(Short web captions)
------------

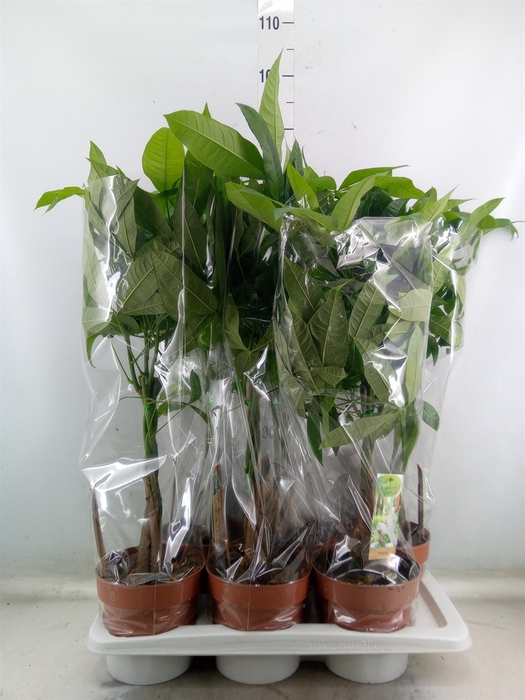 <h4>Pachira aquatica</h4>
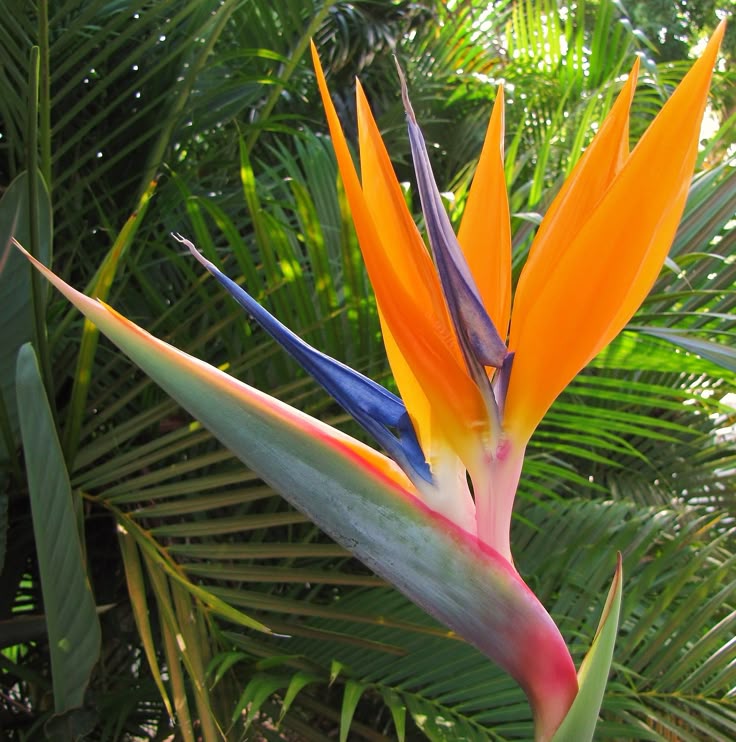Strelitzia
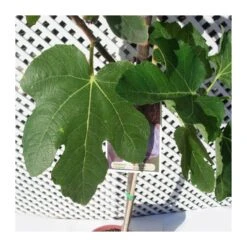 Higuera Violette De Solies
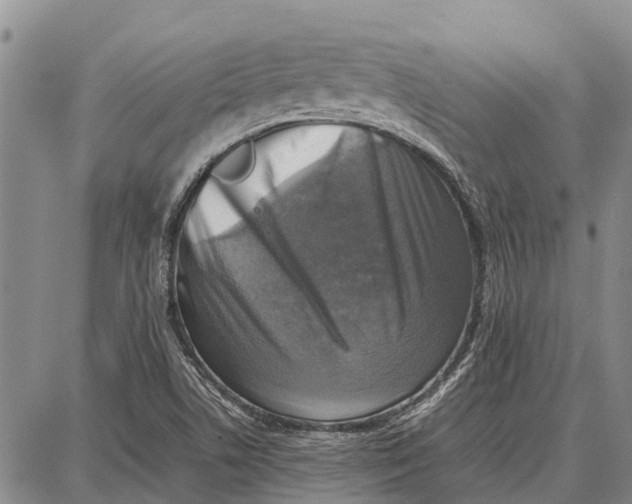 X0000087051506200705091123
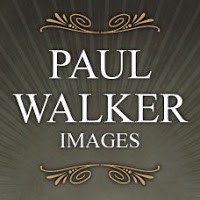 Paul Walker Images FBIPP FMPA FRPS 1088547 Image 9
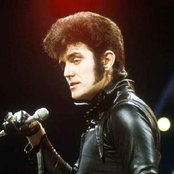 Alvin Stardust - List pictures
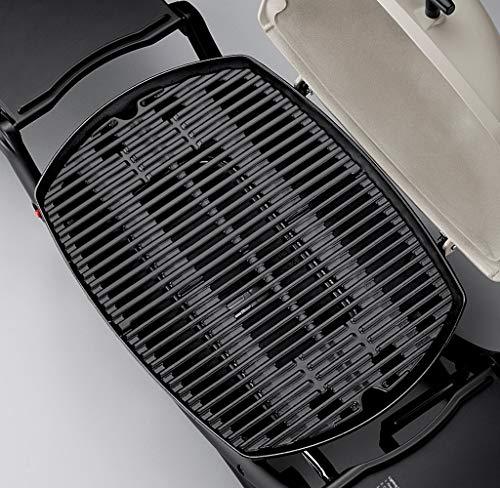 Weber 54060001 Q2200 Liquid Propane Grill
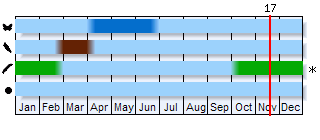 Phenogram based on the literature
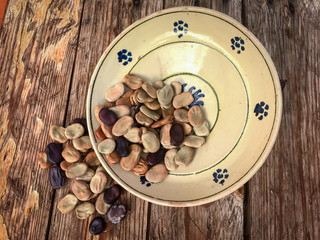 Dried broad beans in a traditional ceramic plate from Puglia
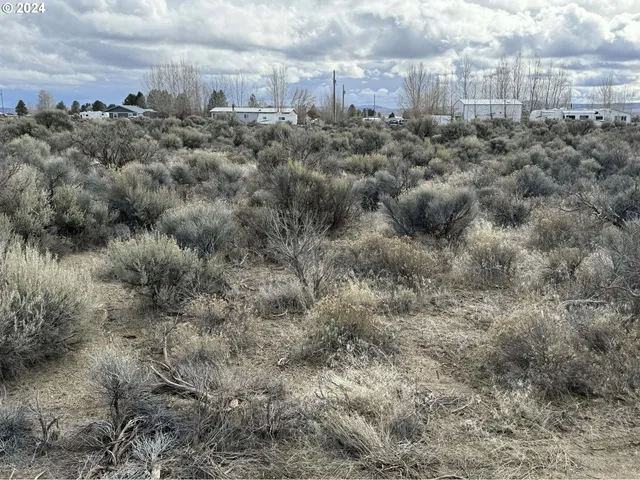 a view of a dry field with trees in the background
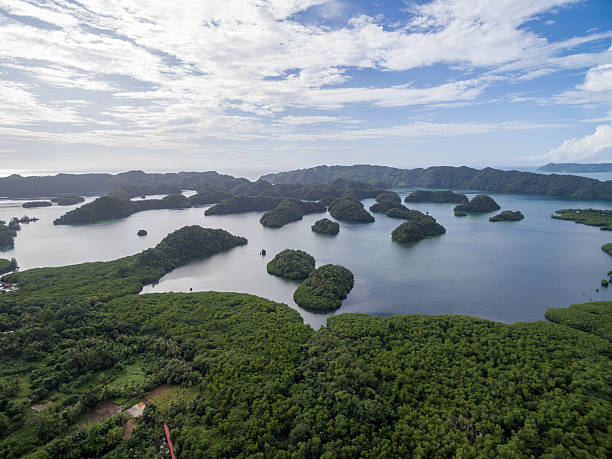 koror island in palau. archipelago, part of micronesia region - micronesia lagoon palau aerial view imagens e fotografias de stock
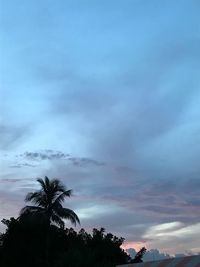 Low angle view of palm trees against sky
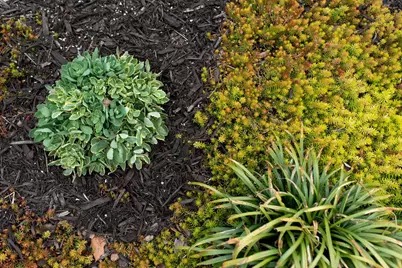 2813 Bryden Road, Columbus, OH 43209 - Photo 89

------------

__Task goal__:
If pictures appear, drop them, and retype exactly the lines from the "Alvin Stardust - List pictures" line through the last line of the data above.

__Reply__:
 Alvin Stardust - List pictures
 Weber 54060001 Q2200 Liquid Propane Grill
 Phenogram based on the literature
 Dried broad beans in a traditional ceramic plate from Puglia
 a view of a dry field with trees in the background
 koror island in palau. archipelago, part of micronesia region - micronesia lagoon palau aerial view imagens e fotografias de stock
 Low angle view of palm trees against sky
 2813 Bryden Road, Columbus, OH 43209 - Photo 89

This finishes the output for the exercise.